Why would he lie?

22/12/2010 11:10

 

First hand account of violence from a client of WCCC.

 

We had been dating for two months when the first incident happened. I was a virgin and he was very respectful that I did not want to sleep with him. In this time he did not force me to have sex, which really impressed me. I thought he was a very good man.

I knew he did not have a good past. But I felt like I was here to help him.

Sometimes I can’t believe that I have lived through this experience. I cannot believe that it is me who has made these decisions. But this has been my journey and I would like others to learn from it.

My father had died only a few days beforehand. I turned up to his house in my van with an envelope with the money for my father’s funeral in it – thousands of Pa’angas.  He offered me a drink while we were talking. – I only had one, but I got so drunk that I completely blacked out and woke up hours later feeling strange.  There were like five or six men drinking outside his house and he’s gone in my van with my purse with the money in it.

I usually drink and it takes a lot to get me drunk -  so it was very unusual that one drink would do this to me. I went outside and drank with his friends. He came back later and join us.  Later I noticed that the money had gone from my van.

His story for what happened is that I got very drunk and refused to have sex with him, and demanded that I have sex with his friends. Then he said I had sex with his friends while he went and bought the drinks.

I was unsure what to believe. Why would he lie? But as a virgin, I did not hurt at all from the sex that he said that I had. And just knowing myself, I couldn’t really believe that I would do this. It took time but I came to realise that he was lying about this situation.

This night has become a constant source of conflict for us.

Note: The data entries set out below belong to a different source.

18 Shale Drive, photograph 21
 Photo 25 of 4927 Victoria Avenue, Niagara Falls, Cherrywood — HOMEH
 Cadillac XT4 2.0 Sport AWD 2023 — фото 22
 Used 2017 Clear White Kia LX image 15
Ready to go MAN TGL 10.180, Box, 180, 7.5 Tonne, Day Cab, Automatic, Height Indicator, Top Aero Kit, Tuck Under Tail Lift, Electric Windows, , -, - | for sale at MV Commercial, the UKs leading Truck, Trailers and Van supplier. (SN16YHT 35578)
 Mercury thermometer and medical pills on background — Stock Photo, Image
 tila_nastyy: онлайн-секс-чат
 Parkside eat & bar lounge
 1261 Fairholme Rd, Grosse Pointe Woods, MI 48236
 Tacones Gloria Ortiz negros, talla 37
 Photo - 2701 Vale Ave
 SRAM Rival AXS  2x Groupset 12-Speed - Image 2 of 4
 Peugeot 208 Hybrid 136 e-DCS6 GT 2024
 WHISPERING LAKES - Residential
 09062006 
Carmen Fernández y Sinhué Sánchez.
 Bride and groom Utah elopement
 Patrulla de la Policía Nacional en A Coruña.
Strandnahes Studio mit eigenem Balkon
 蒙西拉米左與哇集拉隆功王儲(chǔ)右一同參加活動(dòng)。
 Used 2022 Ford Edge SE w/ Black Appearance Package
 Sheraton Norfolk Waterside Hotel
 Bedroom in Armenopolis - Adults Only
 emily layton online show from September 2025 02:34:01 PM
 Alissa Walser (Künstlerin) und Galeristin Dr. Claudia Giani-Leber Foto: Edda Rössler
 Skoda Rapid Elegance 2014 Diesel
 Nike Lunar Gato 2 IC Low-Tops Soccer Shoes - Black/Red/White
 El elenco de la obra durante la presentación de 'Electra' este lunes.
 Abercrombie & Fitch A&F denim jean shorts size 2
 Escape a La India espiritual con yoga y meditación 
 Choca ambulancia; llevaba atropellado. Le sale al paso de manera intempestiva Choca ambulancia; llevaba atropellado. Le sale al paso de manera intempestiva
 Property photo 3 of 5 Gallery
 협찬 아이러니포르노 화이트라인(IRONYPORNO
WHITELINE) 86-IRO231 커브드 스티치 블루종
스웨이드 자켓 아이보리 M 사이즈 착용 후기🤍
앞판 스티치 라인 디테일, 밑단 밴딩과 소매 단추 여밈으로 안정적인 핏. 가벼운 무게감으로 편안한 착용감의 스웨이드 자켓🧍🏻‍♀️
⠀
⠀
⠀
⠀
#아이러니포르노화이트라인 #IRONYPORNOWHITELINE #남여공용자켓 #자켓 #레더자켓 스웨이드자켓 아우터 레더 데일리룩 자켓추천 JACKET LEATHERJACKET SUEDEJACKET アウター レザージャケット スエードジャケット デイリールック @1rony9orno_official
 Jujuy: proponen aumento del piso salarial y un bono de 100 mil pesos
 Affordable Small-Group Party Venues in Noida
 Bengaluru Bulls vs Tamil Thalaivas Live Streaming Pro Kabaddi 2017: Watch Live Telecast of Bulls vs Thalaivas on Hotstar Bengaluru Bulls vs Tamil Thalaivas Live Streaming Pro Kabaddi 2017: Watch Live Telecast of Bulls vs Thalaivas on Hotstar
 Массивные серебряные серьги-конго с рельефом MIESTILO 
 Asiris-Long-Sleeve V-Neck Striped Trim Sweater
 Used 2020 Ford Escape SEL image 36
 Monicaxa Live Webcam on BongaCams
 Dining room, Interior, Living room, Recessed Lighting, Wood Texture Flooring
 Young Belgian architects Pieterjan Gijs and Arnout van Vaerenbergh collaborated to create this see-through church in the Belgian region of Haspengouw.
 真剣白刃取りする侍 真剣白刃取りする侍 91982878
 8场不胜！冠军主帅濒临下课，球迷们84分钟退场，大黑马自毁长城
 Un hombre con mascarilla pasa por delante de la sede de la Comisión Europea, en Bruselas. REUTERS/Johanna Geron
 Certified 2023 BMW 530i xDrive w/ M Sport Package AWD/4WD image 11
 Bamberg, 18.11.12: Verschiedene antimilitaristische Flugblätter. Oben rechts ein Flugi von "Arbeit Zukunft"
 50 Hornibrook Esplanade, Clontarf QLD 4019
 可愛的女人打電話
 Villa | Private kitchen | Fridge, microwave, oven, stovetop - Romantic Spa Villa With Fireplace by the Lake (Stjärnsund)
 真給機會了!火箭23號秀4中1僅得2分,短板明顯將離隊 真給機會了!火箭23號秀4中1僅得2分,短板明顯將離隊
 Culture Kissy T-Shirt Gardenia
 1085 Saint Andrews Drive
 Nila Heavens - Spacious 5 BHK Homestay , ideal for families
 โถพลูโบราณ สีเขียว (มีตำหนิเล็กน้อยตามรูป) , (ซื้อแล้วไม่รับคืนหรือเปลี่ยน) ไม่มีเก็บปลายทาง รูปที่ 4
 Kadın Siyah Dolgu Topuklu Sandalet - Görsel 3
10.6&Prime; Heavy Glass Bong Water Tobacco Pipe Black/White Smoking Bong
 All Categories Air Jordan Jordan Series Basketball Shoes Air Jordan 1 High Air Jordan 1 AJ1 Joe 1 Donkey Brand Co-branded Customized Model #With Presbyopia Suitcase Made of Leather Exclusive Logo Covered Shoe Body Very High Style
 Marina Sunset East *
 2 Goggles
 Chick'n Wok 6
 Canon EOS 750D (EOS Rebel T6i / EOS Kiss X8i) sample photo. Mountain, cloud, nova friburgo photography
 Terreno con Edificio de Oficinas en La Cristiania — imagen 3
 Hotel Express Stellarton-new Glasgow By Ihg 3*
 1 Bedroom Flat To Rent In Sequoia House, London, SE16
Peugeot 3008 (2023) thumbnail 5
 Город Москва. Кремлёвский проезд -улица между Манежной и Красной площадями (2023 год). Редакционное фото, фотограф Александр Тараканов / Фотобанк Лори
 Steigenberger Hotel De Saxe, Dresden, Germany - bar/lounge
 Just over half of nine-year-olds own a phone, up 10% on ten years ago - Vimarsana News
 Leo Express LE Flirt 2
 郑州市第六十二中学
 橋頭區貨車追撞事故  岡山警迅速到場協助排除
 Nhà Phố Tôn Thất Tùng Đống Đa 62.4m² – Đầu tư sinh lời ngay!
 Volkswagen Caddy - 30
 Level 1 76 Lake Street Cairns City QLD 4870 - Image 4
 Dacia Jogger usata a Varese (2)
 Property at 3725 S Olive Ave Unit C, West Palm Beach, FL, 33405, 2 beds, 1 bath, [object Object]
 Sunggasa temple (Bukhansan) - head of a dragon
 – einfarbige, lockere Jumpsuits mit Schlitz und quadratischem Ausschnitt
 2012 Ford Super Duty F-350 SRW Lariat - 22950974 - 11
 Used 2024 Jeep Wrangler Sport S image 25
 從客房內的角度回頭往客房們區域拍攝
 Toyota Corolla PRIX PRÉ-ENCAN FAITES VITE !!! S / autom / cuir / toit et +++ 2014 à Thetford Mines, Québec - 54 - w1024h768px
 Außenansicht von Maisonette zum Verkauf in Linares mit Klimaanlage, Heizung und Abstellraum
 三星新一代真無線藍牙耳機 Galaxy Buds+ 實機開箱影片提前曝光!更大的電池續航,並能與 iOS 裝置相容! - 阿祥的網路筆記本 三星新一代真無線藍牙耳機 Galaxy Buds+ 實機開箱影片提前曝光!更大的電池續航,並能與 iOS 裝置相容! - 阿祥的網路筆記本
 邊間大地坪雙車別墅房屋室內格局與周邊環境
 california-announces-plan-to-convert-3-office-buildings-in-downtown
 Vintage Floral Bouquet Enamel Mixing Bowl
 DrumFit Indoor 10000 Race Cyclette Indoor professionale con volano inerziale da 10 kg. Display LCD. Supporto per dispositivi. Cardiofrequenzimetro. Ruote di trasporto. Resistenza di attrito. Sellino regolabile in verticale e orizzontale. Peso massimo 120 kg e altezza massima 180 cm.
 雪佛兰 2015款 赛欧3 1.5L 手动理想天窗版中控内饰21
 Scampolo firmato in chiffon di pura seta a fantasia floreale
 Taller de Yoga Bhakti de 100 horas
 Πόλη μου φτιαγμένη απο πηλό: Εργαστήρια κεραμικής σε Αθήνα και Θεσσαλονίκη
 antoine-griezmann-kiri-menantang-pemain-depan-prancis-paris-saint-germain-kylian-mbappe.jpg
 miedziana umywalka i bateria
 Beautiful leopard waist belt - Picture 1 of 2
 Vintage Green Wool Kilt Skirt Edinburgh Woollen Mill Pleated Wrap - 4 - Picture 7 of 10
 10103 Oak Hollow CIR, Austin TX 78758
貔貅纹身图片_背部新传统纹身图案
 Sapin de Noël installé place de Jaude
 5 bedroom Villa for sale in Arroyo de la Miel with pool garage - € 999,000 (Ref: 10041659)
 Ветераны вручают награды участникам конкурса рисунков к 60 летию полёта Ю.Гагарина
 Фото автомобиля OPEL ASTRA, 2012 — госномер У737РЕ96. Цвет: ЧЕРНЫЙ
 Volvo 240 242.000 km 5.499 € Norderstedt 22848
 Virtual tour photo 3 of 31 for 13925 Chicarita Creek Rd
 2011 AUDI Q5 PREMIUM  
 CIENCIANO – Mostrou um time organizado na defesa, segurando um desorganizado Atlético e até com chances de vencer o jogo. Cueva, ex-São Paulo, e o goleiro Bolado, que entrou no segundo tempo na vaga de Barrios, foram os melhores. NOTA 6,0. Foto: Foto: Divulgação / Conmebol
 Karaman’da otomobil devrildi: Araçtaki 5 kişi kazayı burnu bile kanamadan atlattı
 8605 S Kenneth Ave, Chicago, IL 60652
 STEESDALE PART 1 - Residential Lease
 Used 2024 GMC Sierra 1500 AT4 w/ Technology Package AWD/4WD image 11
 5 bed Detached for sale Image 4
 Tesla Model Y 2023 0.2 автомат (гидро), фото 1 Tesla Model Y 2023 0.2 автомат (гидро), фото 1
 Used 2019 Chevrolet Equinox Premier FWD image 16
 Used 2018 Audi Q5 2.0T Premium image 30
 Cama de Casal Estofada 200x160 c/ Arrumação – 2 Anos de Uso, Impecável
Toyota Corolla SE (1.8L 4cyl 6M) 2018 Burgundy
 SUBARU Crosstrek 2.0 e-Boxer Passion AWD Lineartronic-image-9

Every time he gets drunk or went out and drink kava tonga, came back home and I do not want to sleep with him, he brings it up as an example of how badly I have treated him. He never believes me that it is not true. It is exhausting. I don’t know why he wants to see me as a woman who has treated him so badly. It is mad. Sometimes I think he needs psychological help.

In our relationship it is as though he does not want me to be happy. Whenever I am with my family, who take very good care of me, and do not want me to even move or get up to clean my dishes, he gets angry. 

Often I do not want to have sex. I just don’t feel like it. He is very persistant. I get so tired from him asking and grabbing me. Sometimes before he goes out to kava I have sex with him because I know that when he comes home drunk he will wake me up to have sex, and I am tired and I just want to sleep. But when he comes home he still wakes me up. And if I do not want to have sex, he yells and screams at me about how I treated him that time, and insists that I must make up for it.  This is a form of violence. I feel trapped.

Sometimes he gets very crazy angry and he physically abuses me. He throws rocks at me, beats me with metal and sticks and anything he can get his hands on. He is careful to abuse me in areas that I can hide under clothes so people can not see. Sometimes though he has hit my face and given me black and bruised eyes. It is embarrassing that people can see how he treats me.

I have tried everything to get our relationship to work. We have a child together and I do not want my daughter growing up not in a happy environment. It has been two years, and this man will be involved in my life forever, living  through my daughter. I keep thinking that i see change in him, that he will not stay this way forever. But he keeps drinking and the behaviour never stops. For now I feel that we have made real progress in that he is starting to understand that the problem is with himself, not with me.

I got counselling from the Women and Children Crisis Centre. Whenever I want to end things with him, which I have tried to do many many times through our relationship, I know  its best to do it over the phone from the Crisis Centre, so that he can not hit me and hurt me with his words or beat me up. He has come in for joint counselling a few times – he lied in the counselling session and told them about what I had done to him. I was happy and grateful that the women counsellors at the Centre could see that this was a story made up to address his own insecurities. Talking and support has helped so much.

The last time he was totally out of control. He beat me at the bush and took me to the beach. He raped me in the backyard then took me to the graveyard. He shoved sticks in side me and caused me to bleed from the wounds caused by the stick pushed into my inner thighs. It started around 4pm and stopped when it was already dark. He used everything he could grab – a stem from a manioke tree, rocks, rods, the mirror he pulled off the car. These photos were taken almost a week after this incident – I came into the centre to get documentation of my case. I wished they could see the injuries straight after they happened.

 

I do not want to go to the Police, or to go through the court system. I am scared to give him reasons to hurt the rest of my family. I want things to be resolved peacefully. 

 

My advice to other women – ask for help as soon as you have any indication that he does not want you to be happy. The sooner you address it the better – it only gets harder and worse the longer you have been together. It will make you feel much much better even when you talk about your problem in the process.  Come to the crisis centre – they understand and will help you work out what you want to do to make the situation better.